AGREPY: Python port of agrep string matching with errors
Version 1.2 August 2002
INTRODUCTION
Agrep, written by Sun Wu and Udi Manber (described in "Fast
Text Searching Allowing Errors", CACM, 35(10), 1992), is a suite
of C functions which together perform various string matching
operations under UNIX (i.e. specified at the commandline). The
most recent version is 2.04, and is available from
http://glimpse.cs.arizona.edu/software.html.
The suite contains functions for exact string matching, matching allowing
a small maximum number of insertions, deletions or substitutions,
and functions for matching patterns containing metacharacters
(i.e. regular expressions). Inexact matching of patterns involving
regular expressions is also allowed, and another function performs
matching on a file of input string, rather than just a single
string specificied on the command-line. Finally, while the default
text unit is the \n (or \r) terminated line, multiline matching is
available through the specification (again on the command-line) of a
"record" separator. Given an input pattern and a file, agrep prints
on standard output all records that match the pattern (so a single
match suffices to have a record printed).
Agrepy
This port takes agrep from its current, user level setting and
makes it available as a Python module. However, in recent Python
implementations, much of the functionality described above is already
covered: exact matching is already found in the string module and
regular expression matching is in the regsub and re modules. Furthermore,
in the context of embedded functions (rather than command-line), IO and
the defintion of a text string are handled by the surrounding application
and are therefore no longer relevant. Therefore, what this port implements
are solely those functions relating to inexact matching of text strings
which contain no metacharacters. (Inexact matching of regular expressions
has been ignored because the semantics are not clear - at least to me;
concurrent matching of multiple input patterns is deferred to another day).
On the other hand, apgrepy extends agrep in the following sense:
given a pattern and a text string, agrepy and returns a list of all,
non-overlapping pairs of text indexes such that the start index is the
first character of the text that matches the earliest pattern character
exactly, and the end is the last text character that matches exactly. The end
index of each match is 1 place greater than the actual index so it
can be immediately used to construct a slice. (agrep itself is
content with recognizing that the input line contains a match,
but does not say where or differentiate multiple matches.)
Specifically, AGREPY Pythonizes two functions from file sgrep.c
of agrep version 2.04. "agrep", now called, sagrep, deals with
"short" pattern strings (setable by a header constant, currently 24),
and "a_monkey", now called lagrep, which deals with longer strings.
Each of these is supported by functions which set up the data structures
used during matching. SWIG is used to create
the interface module. As far as possible, the original code of agrep
has been preserved, except where required by the new circumstances (e.g.
to support determination of match end-points) or forced by SWIG
(e.g. move from K&R headers to ANSI prototypes, elimination of
function-like C preprocessor macros).
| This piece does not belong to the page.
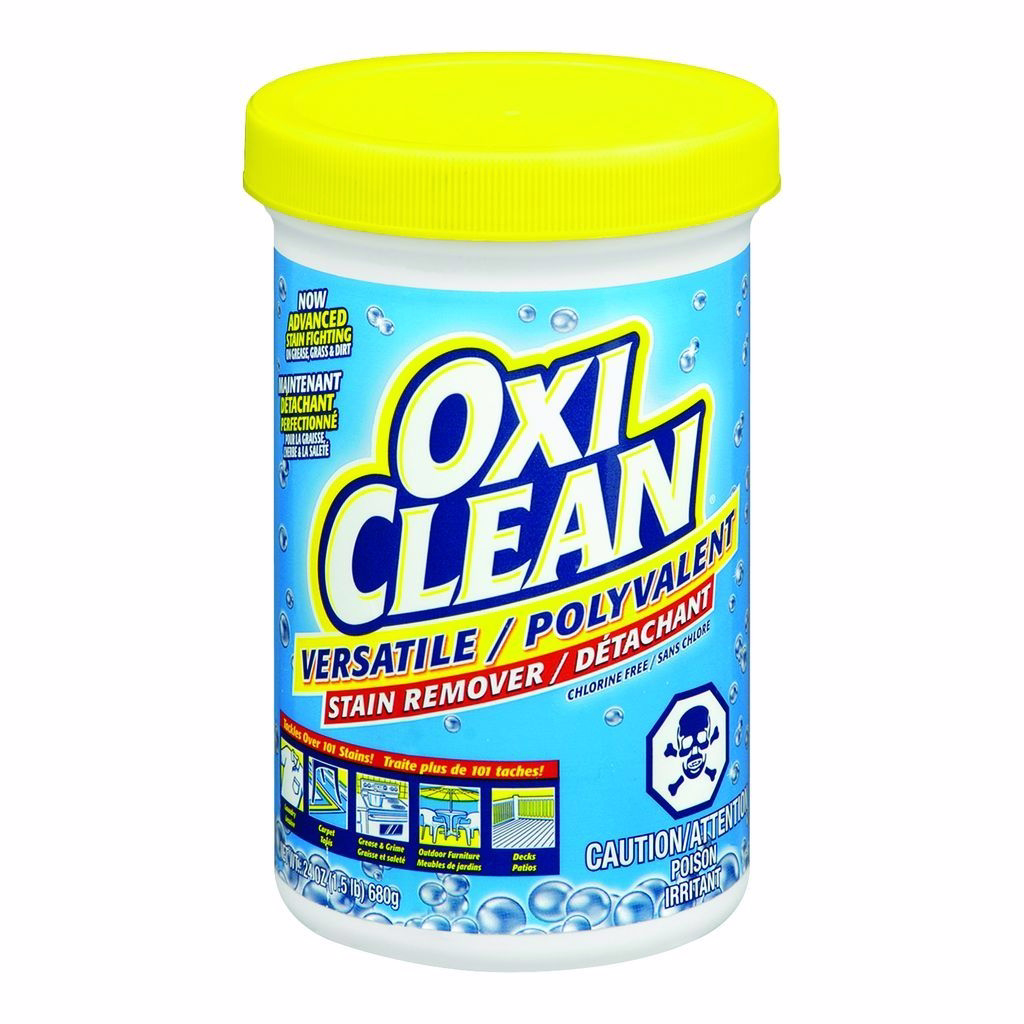 Oxiclean Original Stain Remvr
I also indulged in a little
tidying up of the code to make it easier to maintain.
Why the New Version?
The orginal version had an end-of-text bug (sagrepy.c), and both lagrepy.c
and sagrepy.c had problems at times finding the correct ends of a match.
There also can be a genuine ambiguity. The methodology now is that sagrepy/lagrepy
find the ends of matches fairly accurately, and a separate, recursive function
firms up the end position and finds the start position.
Tested Systems
Agrepy has been developed on a PC running Linux, and successfully tested on
a SGI Challenge running IRIX.
Source Code
The code for port is available from:
http://www.pam1.bcs.uwa.edu.au/~michaelw/ftp/src/agrepy_1.2.tar.gz.